Maya: I wonder what recipe crow-flavored coffee is...
- In The Emperors New Groove, Kuzco is quite the Karma Houdini until he dismisses and insults Pacha (okay, that happens quite a few times, but this time he means it), only to find out that Pacha was in fact looking out for him, and now he's all alone.
- In My Little Pony Friendship Is Magic, there have been two examples.
- In "Boast Busters", The Great And Powerful Trixie doles out these to those who challenge her claims, by taking whatever task they challenged her with and twisting it to her own ends. And at the end of the episode, she stoutly refuses to accept the slice that's served up to her, running away instead.

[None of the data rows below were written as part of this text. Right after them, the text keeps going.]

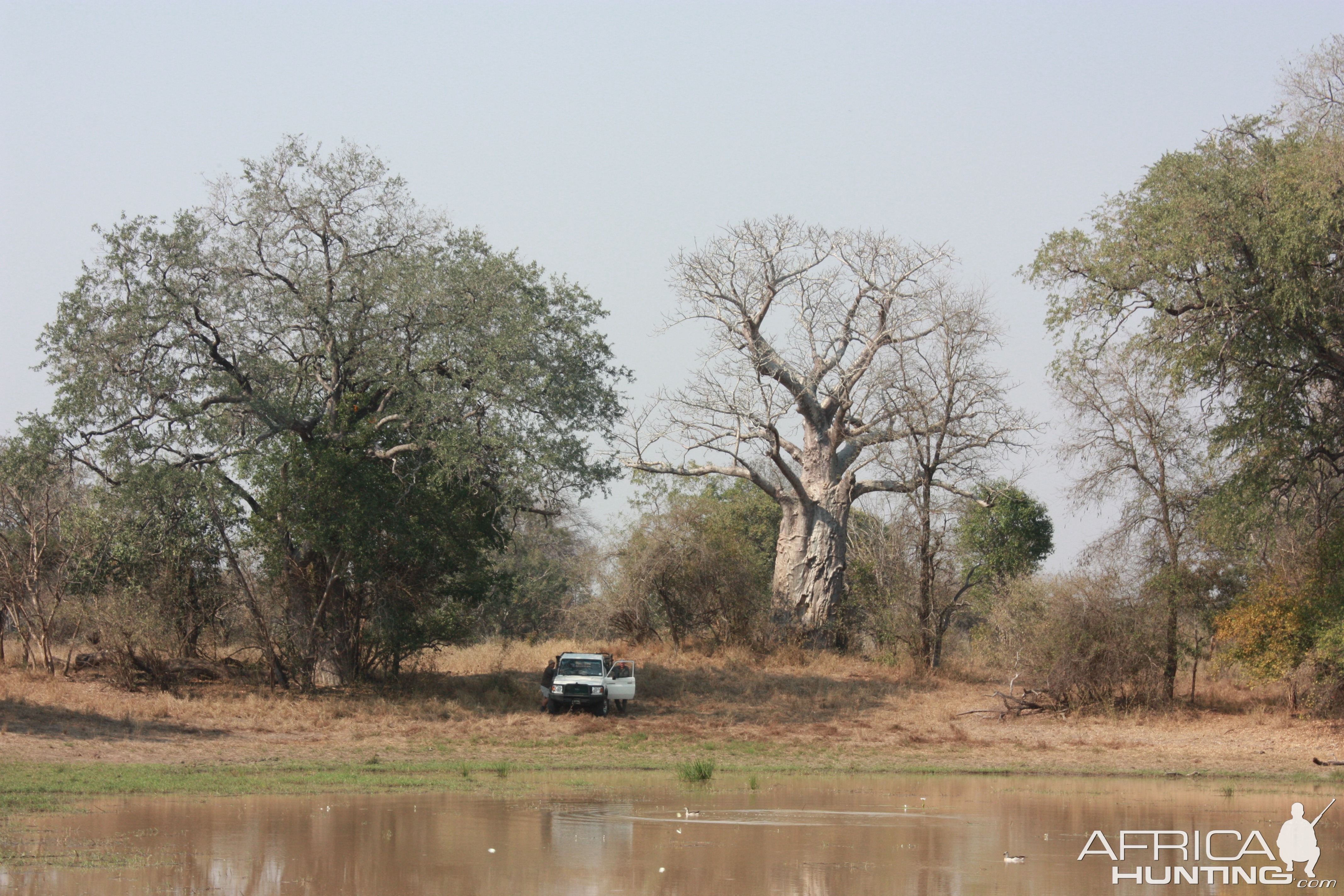 Cape Buffalo Hunt Mozambique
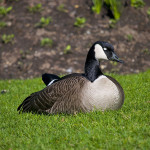 Canada Goose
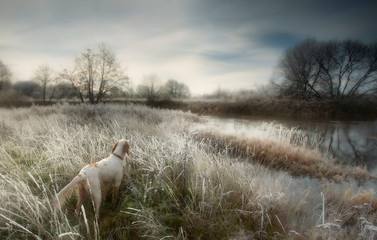 English setter. Hunting dog. Pointing dog. Hunting. Autumn landscape. The hunting dog costs at the lake on hunting early in the morning. 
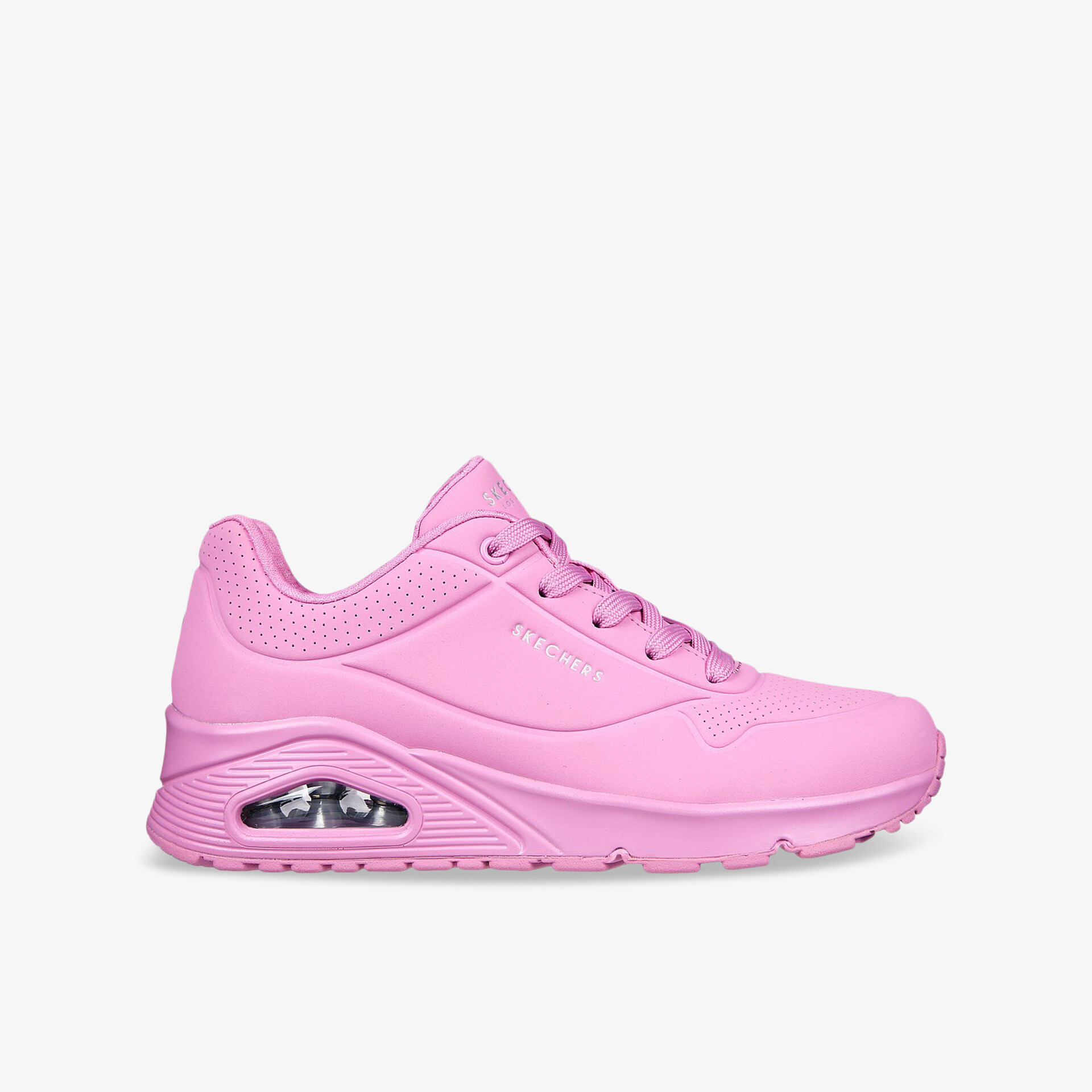 rosa1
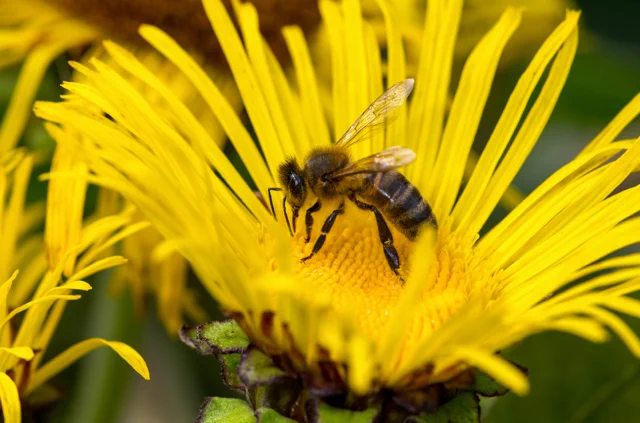 Colour photograph of a bee inside a yellow flower.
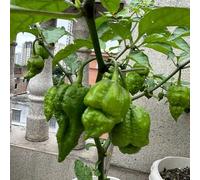 Semi di Carolina Reaper, peperoncino, giardino di peperoncino, Balcone invernali da balcone resistenti regali 30pcs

- In "Sweet And Elite", Jet Set and Uppercrust get this thanks to Fancypants on two occasions. First by him taking Rarity into his reserved balcony seat at the races, right in front of them, and second, when he endorses Rarity and her friends, who'd they'd just spoke down to, forcing them to suck it up and praise her.
- Actress Kristen Stewart was described by several celebrity gossip mags as "eating humble pie" after she was forced to apologize for remarks in which she equated being famous with being a rape victim.
- Aging tennis star Bobby Riggs acted the male-chauvenist lout during the run-up to the "Battle of the Sexes" between him and Billy-Jean King. After King beat him soundly, he had to eat a lot of humble pie...
- Older Than Steam: The expression derives from 'umble pie', which was a pie filled with liver, heart, and other offal. It was popular among British commoners in the 15th and 16th century. Something of a subversion, as umble pie can actually be quite delicious (assuming you like offal); however, it was considered humiliating for someone who could previously afford "real" meat (e.g. a nobleman) to have to eat the stuff.